When you are reduced to being a hooker on the streets of Somalia, what’s not to like about the prospect of immigrating? The totality of Zimbabwe’s poor would choose to live in Guidlford if they had half the chance, so there’s no limit on the number of potential applicants desperate to escape from a life of exploitation, cruelty, hunger and jobless misery to a land of milk and honey. All the would-be immigrants need is £5,000 and to be brave enough to risk the remote risk of drowning. And once they are in the UK, they have access to heaven. They are rescued from the Channel by kind people and given an immigrant’s allowance as well as free accommodation, food and healthcare. If they can’t speak English, they are given access to tax-payer-funded translators and the chance to be represented by a solicitor whose professional aim is to wriggle through our arcane laws on illegal immigration.
Therefore, the illegals stand little chance of being returned from thence they came, and the steady flood continues. Soon, I forecast, we will be facing 5,000 immigrants a day. No one has a clue what to do about it except to wave hands in desperation, talk tough and hand over more dosh to our natural enemy, the French, in the vain hope they might help us. Then we can listen as they laugh all the way to the bank while encouraging even more boats to make the crossing.
Poor old Patel. What a ghastly job.
Jobs for the Boys
Is your rubbish being collected efficiently? Are your roads free of potholes?

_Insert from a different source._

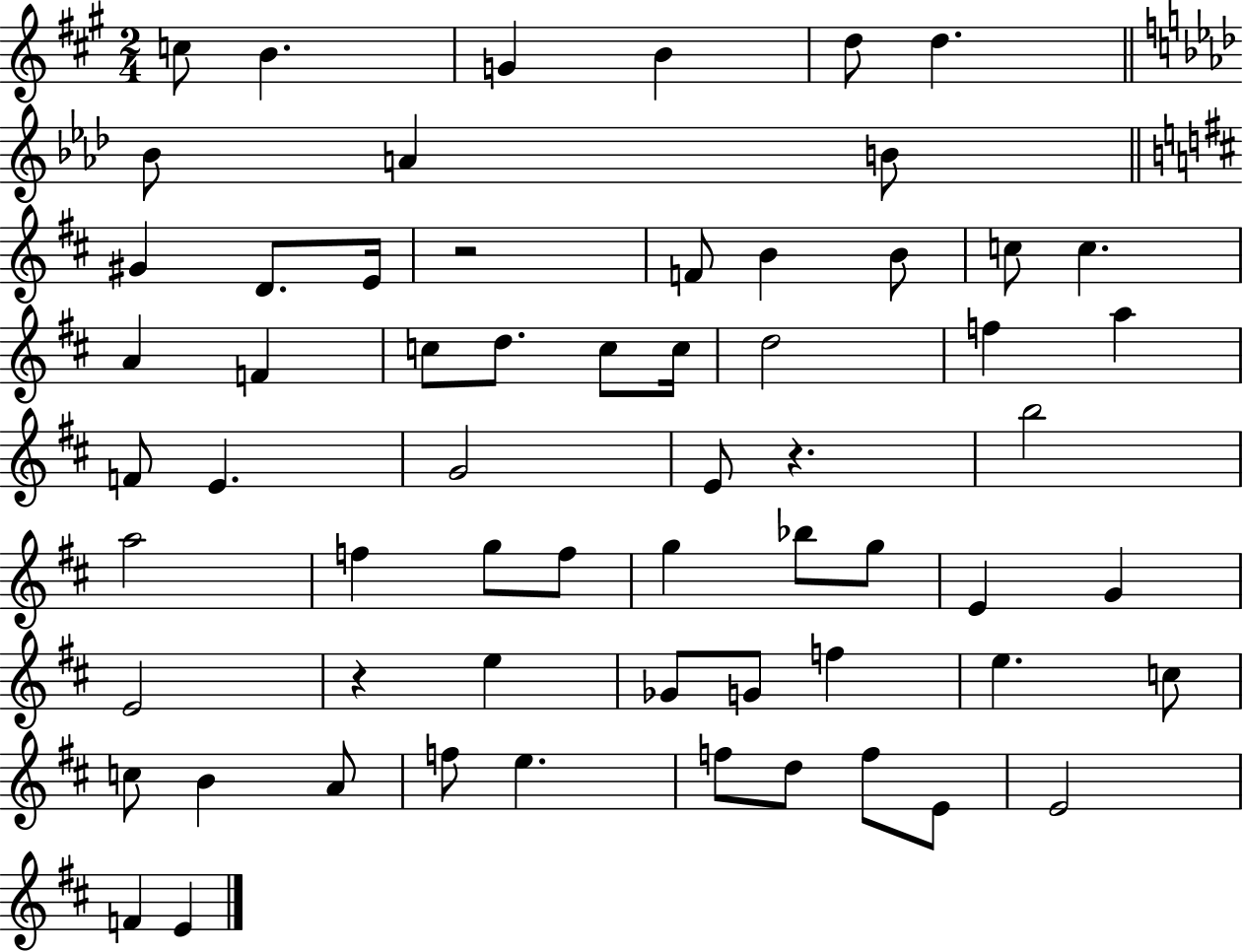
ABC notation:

Far be it from me to drive you into a fury as you eat your breakfast, for we must all remain calm, but when you last looked at your rate bill, did you note that the sum to be paid increased by 4.4 per cent over the last year? And did you know that 2,500 local government officers earned more than £100,000 p/a last year – with 653 of them earning over £150,000? As an extreme example, the assistant chief operating officer of Coventry local authority pocketed £575,000, which included a pension payment of £26,000 and an early retirement package of £375,000. For him, early retirement meant moving sideways to a well-paid job as the business development officer of a local university.
In addition, these individuals will all get an index-linked pension paid by taxpayers for as long as they have puff.
Who agrees this level of pay? We are all in the wrong job!
It’s a serious issue, though. Today, public sector employees get a far better deal than those trying to earn a living in the private sector. The issues are two: job security and of course, index-linked pensions. And it goes without saying that politicians and the civil servants who draft legislation have a vested interest to ensure that the status quo remains. What’s to be done? No one knows.
2 comments
I also fear for Emma. She seems to be a very nice and well balanced girl with a lovely smile as well as a great gift. I am sure that the sharks are already circling and she will need strong protection from family and others who genuinely care about her. Having said that, what a thrill she has given us and how good for our morale.
Well done again, Tom, Jane and Moses. Please don’t get really lost !
Love, Christopher
your very erudite blog on day 14 has provided food for thought. why do these public sector employees earn so much – it is rarely exposed in the media.